[net-next,2/2] net: lan966x: Stop using packing library

Message ID 20230312202424.1495439-3-horatiu.vultur@microchip.com
State New
Headers
Series net: lan966x: Improve TX/RX of frames from/to CPU |

Commit Message

Horatiu Vultur March 12, 2023, 8:24 p.m. UTC
  When a frame is injected from CPU, it is required to create an IFH(Inter
frame header) which sits in front of the frame that is transmitted.
This IFH, contains different fields like destination port, to bypass the
analyzer, priotity, etc. Lan966x it is using packing library to set and
get the fields of this IFH. But this seems to be an expensive
operations.
If this is changed with a simpler implementation, the RX will be
improved with ~5Mbit while on the TX is a much bigger improvement as it
is required to set more fields. Below are the numbers for TX.

Before:
[  5]   0.00-10.02  sec   439 MBytes   367 Mbits/sec    0 sender

After:
[  5]   0.00-10.00  sec   563 MBytes   472 Mbits/sec    0 sender

Signed-off-by: Horatiu Vultur <horatiu.vultur@microchip.com>
---
 .../net/ethernet/microchip/lan966x/Kconfig    |  1 -
 .../ethernet/microchip/lan966x/lan966x_main.c | 75 +++++++++++++------
 2 files changed, 51 insertions(+), 25 deletions(-)
  

Comments

David Laight March 13, 2023, 5:04 p.m. UTC | #1
From: Horatiu Vultur
> Sent: 12 March 2023 20:24
> 
> When a frame is injected from CPU, it is required to create an IFH(Inter
> frame header) which sits in front of the frame that is transmitted.
> This IFH, contains different fields like destination port, to bypass the
> analyzer, priotity, etc. Lan966x it is using packing library to set and
> get the fields of this IFH. But this seems to be an expensive
> operations.
> If this is changed with a simpler implementation, the RX will be
> improved with ~5Mbit while on the TX is a much bigger improvement as it
> is required to set more fields. Below are the numbers for TX.
...
> +static void lan966x_ifh_set(u8 *ifh, size_t val, size_t pos, size_t length)
> +{
> +	u32 v = 0;
> +
> +	for (int i = 0; i < length ; i++) {
> +		int j = pos + i;
> +		int k = j % 8;
> +
> +		if (i == 0 || k == 0)
> +			v = ifh[IFH_LEN_BYTES - (j / 8) - 1];
> +
> +		if (val & (1 << i))
> +			v |= (1 << k);
> +
> +		if (i == (length - 1) || k == 7)
> +			ifh[IFH_LEN_BYTES - (j / 8) - 1] = v;
> +	}
> +}
> +

It has to be possible to do much better that that.
Given  that 'pos' and 'length' are always constants it looks like
each call should reduce to (something like):
	ifh[k] |= val << n;
	ifk[k + 1] |= val >> (8 - n);
	...
It might be that the compiler manages to do this, but I doubt it.

	David

-
Registered Address Lakeside, Bramley Road, Mount Farm, Milton Keynes, MK1 1PT, UK
Registration No: 1397386 (Wales)
  
Jakub Kicinski March 13, 2023, 10:18 p.m. UTC | #2
On Mon, 13 Mar 2023 17:04:11 +0000 David Laight wrote:
> It has to be possible to do much better that that.
> Given  that 'pos' and 'length' are always constants it looks like
> each call should reduce to (something like):
> 	ifh[k] |= val << n;
> 	ifk[k + 1] |= val >> (8 - n);
> 	...
> It might be that the compiler manages to do this, but I doubt it.

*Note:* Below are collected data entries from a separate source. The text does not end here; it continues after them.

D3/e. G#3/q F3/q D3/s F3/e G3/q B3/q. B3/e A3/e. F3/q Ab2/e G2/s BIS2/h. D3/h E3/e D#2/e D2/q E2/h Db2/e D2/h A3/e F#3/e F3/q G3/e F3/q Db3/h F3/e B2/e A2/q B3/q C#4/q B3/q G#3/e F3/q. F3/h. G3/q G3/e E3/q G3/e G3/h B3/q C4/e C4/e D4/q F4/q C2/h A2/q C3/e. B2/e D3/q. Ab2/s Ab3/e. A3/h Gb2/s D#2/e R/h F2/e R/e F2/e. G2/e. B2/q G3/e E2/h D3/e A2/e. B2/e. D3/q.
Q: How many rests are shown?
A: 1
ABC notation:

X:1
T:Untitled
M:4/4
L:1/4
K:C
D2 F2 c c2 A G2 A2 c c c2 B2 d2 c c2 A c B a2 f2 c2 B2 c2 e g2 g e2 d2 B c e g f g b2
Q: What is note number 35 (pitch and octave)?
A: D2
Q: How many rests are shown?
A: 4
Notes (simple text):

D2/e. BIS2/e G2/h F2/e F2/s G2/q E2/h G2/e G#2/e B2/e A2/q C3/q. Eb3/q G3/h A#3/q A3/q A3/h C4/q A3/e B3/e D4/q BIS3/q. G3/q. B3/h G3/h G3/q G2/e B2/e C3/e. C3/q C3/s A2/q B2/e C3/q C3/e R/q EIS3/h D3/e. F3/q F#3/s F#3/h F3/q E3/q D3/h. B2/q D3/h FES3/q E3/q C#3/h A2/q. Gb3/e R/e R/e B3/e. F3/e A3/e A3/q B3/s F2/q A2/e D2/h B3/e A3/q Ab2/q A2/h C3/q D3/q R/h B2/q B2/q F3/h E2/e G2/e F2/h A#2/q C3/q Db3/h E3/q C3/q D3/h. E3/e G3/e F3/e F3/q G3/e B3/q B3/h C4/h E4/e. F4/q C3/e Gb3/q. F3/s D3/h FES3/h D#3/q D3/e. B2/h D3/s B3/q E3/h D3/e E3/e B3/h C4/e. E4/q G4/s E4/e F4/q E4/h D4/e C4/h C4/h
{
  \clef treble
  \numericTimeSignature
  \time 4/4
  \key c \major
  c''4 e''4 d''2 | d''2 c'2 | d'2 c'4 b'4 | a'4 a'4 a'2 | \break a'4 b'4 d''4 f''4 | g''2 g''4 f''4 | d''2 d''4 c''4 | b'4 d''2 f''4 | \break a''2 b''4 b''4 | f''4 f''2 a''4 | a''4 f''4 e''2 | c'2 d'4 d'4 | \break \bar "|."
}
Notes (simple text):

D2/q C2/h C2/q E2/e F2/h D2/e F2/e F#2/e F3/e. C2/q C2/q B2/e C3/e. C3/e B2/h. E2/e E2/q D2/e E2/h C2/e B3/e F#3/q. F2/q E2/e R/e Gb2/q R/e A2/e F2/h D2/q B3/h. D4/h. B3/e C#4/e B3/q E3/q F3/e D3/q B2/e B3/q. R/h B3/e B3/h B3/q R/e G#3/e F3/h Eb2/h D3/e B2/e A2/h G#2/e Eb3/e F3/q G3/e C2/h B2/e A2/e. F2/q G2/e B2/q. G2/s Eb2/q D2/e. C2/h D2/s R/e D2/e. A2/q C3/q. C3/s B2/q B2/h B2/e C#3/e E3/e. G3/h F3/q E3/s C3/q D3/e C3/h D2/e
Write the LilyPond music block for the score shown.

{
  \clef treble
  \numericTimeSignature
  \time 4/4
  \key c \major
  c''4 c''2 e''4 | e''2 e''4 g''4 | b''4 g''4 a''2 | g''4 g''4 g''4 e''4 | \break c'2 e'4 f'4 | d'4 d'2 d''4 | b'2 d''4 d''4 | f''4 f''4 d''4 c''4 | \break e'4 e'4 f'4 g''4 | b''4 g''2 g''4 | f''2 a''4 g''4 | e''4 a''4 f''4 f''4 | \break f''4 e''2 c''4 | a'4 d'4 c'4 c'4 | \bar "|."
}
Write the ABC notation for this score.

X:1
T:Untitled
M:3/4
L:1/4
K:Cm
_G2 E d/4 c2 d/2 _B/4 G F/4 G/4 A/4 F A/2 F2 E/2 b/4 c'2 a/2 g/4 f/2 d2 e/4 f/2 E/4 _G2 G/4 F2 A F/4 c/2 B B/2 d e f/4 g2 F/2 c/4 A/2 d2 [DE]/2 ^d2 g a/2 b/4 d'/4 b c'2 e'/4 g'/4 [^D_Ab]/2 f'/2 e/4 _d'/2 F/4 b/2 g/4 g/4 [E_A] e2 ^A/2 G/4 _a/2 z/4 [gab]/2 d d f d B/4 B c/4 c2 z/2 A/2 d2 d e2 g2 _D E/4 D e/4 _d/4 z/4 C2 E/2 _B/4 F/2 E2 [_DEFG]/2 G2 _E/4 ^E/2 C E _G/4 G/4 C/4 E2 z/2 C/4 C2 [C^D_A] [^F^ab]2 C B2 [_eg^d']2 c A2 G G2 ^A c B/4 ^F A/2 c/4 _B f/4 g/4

Agreed, going bit-by-bit seems overly cautious.
  
Horatiu Vultur March 15, 2023, 1:33 p.m. UTC | #3
The 03/13/2023 17:04, David Laight wrote:
> 
> From: Horatiu Vultur
> > Sent: 12 March 2023 20:24
> >
> > When a frame is injected from CPU, it is required to create an IFH(Inter
> > frame header) which sits in front of the frame that is transmitted.
> > This IFH, contains different fields like destination port, to bypass the
> > analyzer, priotity, etc. Lan966x it is using packing library to set and
> > get the fields of this IFH. But this seems to be an expensive
> > operations.
> > If this is changed with a simpler implementation, the RX will be
> > improved with ~5Mbit while on the TX is a much bigger improvement as it
> > is required to set more fields. Below are the numbers for TX.
> ...
> > +static void lan966x_ifh_set(u8 *ifh, size_t val, size_t pos, size_t length)
> > +{
> > +     u32 v = 0;
> > +
> > +     for (int i = 0; i < length ; i++) {
> > +             int j = pos + i;
> > +             int k = j % 8;
> > +
> > +             if (i == 0 || k == 0)
> > +                     v = ifh[IFH_LEN_BYTES - (j / 8) - 1];
> > +
> > +             if (val & (1 << i))
> > +                     v |= (1 << k);
> > +
> > +             if (i == (length - 1) || k == 7)
> > +                     ifh[IFH_LEN_BYTES - (j / 8) - 1] = v;
> > +     }
> > +}
> > +
> 
> It has to be possible to do much better that that.
> Given  that 'pos' and 'length' are always constants it looks like
> each call should reduce to (something like):
>         ifh[k] |= val << n;
>         ifk[k + 1] |= val >> (8 - n);
>         ...
> It might be that the compiler manages to do this, but I doubt it.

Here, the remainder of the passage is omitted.